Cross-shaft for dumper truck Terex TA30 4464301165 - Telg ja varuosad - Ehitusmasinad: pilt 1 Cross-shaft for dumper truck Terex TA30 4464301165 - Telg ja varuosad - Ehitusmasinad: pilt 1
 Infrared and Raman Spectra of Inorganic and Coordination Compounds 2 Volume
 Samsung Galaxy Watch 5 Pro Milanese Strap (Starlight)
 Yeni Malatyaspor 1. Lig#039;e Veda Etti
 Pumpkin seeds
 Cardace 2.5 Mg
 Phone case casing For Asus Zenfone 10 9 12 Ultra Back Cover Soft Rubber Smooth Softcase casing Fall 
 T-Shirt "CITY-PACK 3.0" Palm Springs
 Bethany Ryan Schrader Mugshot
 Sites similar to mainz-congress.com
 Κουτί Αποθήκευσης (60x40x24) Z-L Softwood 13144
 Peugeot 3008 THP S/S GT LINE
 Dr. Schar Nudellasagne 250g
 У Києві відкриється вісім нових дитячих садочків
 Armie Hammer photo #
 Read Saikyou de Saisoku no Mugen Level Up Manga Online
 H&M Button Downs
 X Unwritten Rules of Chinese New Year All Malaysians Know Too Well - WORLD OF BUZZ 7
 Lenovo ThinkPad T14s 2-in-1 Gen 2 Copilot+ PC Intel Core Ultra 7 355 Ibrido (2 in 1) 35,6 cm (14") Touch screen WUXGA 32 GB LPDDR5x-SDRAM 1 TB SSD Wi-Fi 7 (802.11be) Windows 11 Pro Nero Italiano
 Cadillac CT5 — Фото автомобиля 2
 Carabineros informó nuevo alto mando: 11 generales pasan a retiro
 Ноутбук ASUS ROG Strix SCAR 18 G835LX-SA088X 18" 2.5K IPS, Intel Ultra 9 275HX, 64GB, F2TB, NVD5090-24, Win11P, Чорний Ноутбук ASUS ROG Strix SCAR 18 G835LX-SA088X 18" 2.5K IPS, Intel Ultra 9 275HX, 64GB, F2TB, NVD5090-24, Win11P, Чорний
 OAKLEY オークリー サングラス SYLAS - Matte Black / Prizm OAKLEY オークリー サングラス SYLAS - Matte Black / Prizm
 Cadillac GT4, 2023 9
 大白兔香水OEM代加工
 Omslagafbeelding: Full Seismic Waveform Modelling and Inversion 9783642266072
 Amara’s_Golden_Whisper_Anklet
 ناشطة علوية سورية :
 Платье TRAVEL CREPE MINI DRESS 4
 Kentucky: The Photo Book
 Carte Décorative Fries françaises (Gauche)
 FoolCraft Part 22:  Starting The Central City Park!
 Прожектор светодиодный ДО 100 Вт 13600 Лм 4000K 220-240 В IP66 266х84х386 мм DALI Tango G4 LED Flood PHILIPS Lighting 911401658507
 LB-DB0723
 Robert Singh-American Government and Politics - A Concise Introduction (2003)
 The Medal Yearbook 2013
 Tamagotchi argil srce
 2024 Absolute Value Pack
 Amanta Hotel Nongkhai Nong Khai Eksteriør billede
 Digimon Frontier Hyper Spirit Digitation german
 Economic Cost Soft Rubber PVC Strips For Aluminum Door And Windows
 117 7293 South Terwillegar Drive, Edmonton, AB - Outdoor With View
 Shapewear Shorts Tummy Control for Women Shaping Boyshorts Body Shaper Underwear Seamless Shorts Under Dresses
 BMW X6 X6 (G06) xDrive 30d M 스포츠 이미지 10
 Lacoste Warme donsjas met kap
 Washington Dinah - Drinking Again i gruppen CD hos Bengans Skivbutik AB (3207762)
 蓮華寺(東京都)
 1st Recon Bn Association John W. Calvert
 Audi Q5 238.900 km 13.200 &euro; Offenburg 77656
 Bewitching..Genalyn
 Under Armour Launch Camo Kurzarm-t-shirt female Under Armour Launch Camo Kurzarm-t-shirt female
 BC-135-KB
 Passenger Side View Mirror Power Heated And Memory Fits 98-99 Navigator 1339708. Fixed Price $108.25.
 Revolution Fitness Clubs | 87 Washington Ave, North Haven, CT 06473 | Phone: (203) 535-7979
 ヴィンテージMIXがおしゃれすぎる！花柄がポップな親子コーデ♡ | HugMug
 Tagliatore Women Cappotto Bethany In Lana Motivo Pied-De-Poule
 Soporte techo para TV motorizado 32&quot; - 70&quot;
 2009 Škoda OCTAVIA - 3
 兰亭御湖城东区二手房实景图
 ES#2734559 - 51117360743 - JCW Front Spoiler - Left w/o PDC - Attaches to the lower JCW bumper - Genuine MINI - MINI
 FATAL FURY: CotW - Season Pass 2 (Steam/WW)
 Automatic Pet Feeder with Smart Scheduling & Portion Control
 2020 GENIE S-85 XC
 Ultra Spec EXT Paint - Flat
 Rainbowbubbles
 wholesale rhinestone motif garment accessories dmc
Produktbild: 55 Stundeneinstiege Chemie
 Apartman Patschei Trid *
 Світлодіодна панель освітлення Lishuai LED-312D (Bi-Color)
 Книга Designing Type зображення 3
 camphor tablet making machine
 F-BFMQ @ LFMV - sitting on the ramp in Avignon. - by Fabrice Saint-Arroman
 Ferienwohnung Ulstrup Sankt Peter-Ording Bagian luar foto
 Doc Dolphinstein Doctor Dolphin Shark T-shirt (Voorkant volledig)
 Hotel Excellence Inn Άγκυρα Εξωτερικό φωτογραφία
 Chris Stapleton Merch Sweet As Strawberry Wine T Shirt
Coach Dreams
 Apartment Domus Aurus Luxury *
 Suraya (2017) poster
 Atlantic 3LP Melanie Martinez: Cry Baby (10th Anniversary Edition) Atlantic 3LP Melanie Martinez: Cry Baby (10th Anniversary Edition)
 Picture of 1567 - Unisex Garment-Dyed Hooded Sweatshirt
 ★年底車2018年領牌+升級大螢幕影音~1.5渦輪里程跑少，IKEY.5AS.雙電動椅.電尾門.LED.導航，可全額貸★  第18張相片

TASK BRIEF — Going through the records above line by line, tally those with the word "MINI" and answer with the number only.

RESPONSE FOR THIS EXERCISE — 2